Petite ville endormie à la fin de l’Empire ottoman, qui ne conservait de la splendeur passée de Laodicée qu’un tétrapyle et quelques colonnes, Lattaquié est devenue depuis la capitale des régions alaouites, quatrième ville de Syrie et principal port du pays. Le mandat français (1920-1946) a tiré la ville de sa torpeur pour en faire la capitale de l’État des Alaouites. Il a assuré la promotion de la communauté à travers l’armée et lui a involontairement donné les clés de sa promotion politique en Syrie puisque, une génération plus tard, un officier alaouite prenait le pouvoir à Damas. Hafez el-Assad a fait bénéficier Lattaquié des faveurs de l’État, dans une relation toute clientéliste, mais également parce qu’il fallait construire un réduit alaouite en cas de changement de régime à Damas au profit des Sunnites. Ce scénario aurait, en effet, pu se réaliser ces dernières années, mais les précautions prises par le « Lion de Damas » et appliquées par son fils eurent raison de l’insurrection.

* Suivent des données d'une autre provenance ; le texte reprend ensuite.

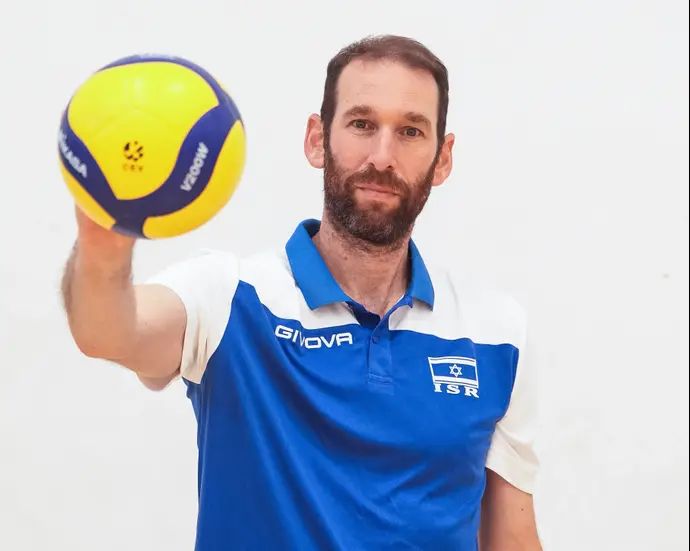 מאמן נבחרת הכדורעף איתמר שטיין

Entre activité portuaire et rente étatique
Après l’indépendance, la Syrie entreprend de se doter d’une infrastructure portuaire afin de ne plus être dépendante de Beyrouth. Le port de Lattaquié sera progressivement agrandi jusqu’aux années 1980, afin d’alimenter le marché syrien, mais aussi avec l’ambition de devenir la nouvelle porte d’entrée du Moyen-Orient, en particulier de l’Irak. Cependant, la géopolitique régionale et, surtout, la bureaucratie eurent raison de ces ambitions. Après une courte période (1975-1979) où son hinterland s’étendait effectivement jusqu’à Bagdad et Mossoul, Lattaquié redevint un port domestique. Le soulèvement des Frères musulmans (1979-1982) conduisit Hafez el-Assad à renforcer le dirigisme économique et la ville entra en sommeil comme le reste de la Syrie. Cependant, elle continua à bénéficier d’importants transferts publics destinés à la clientèle alaouite du clan Assad.

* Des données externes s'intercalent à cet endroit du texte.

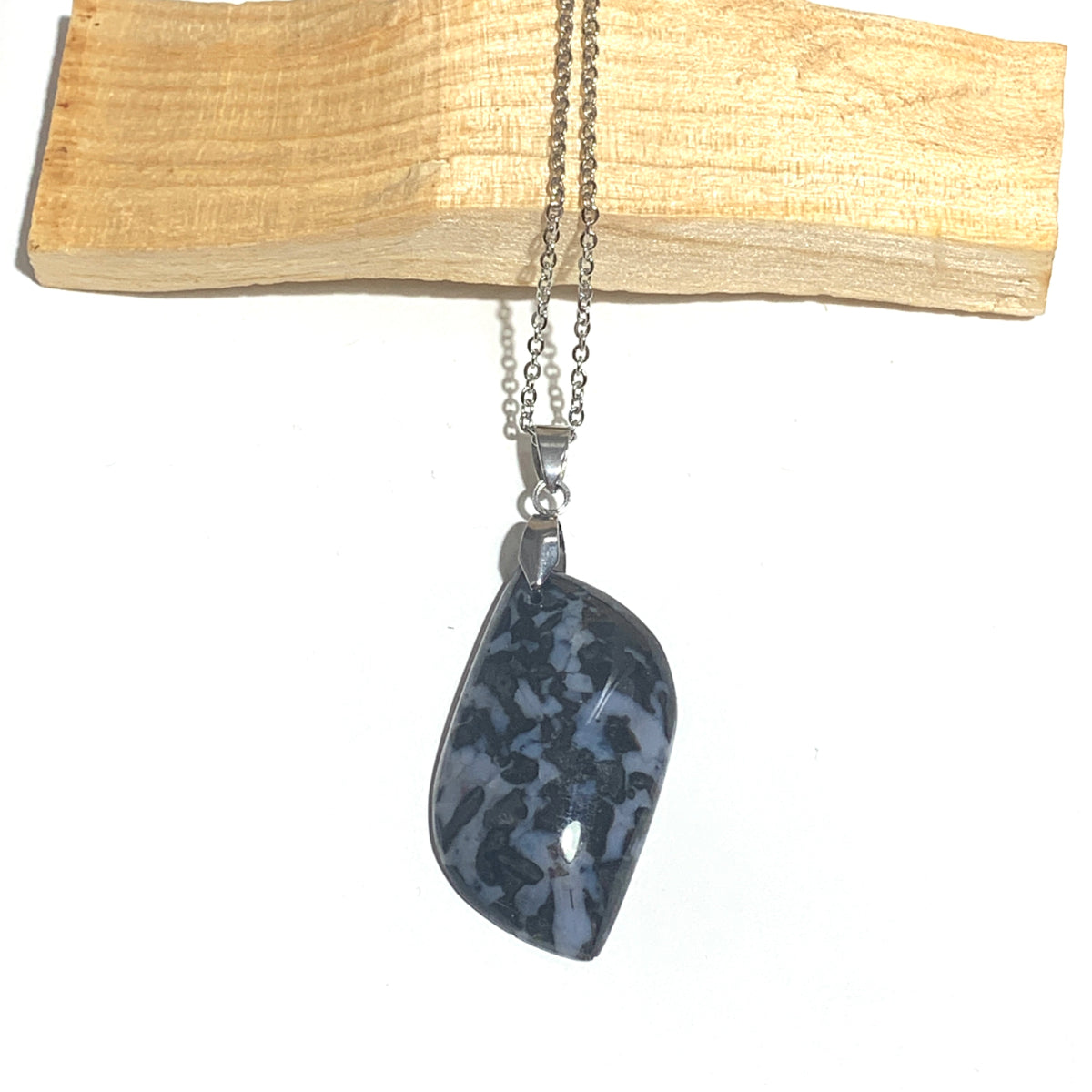 Collier en acier inoxydable avec pendentif en gabbro, une pierre d'ancrage et de protection énergétique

La libéralisation économique, initiée dans les années 1990, redonna naturellement à Lattaquié une place de choix, bien que concurrencée par Tartous, dont le port est plus moderne, la zone franche mieux située et, surtout, l’administration moins corrompue. L’attribution de la moitié du port de Lattaquié à la compagnie française de fret maritime CMA-CGM (Compagnie maritime d’affrètement-Compagnie générale maritime) permit de relancer son activité conteneur. Le fondateur et ancien PDG du groupe CMA-CGM, Jacques Saadé, avait décidé d’investir à Lattaquié davantage pour des raisons affectives que commerciales, sa famille étant originaire de la ville. À la veille du conflit syrien, Lattaquié avait retrouvé un certain dynamisme économique, la zone industrielle était florissante et une classe d’entrepreneurs était née dans cette ville, traditionnellement plus habituée à vivre de la rente terrienne jusqu’à la réforme agraire de 1963, puis de la rente étatique. Néanmoins, comme dans le reste du pays, les écarts de richesse s’accroissaient dramatiquement : si les classes populaires alaouites conservaient un niveau de vie acceptable grâce à leur investissement dans la fonction publique, ce n’était pas le cas du petit peuple sunnite.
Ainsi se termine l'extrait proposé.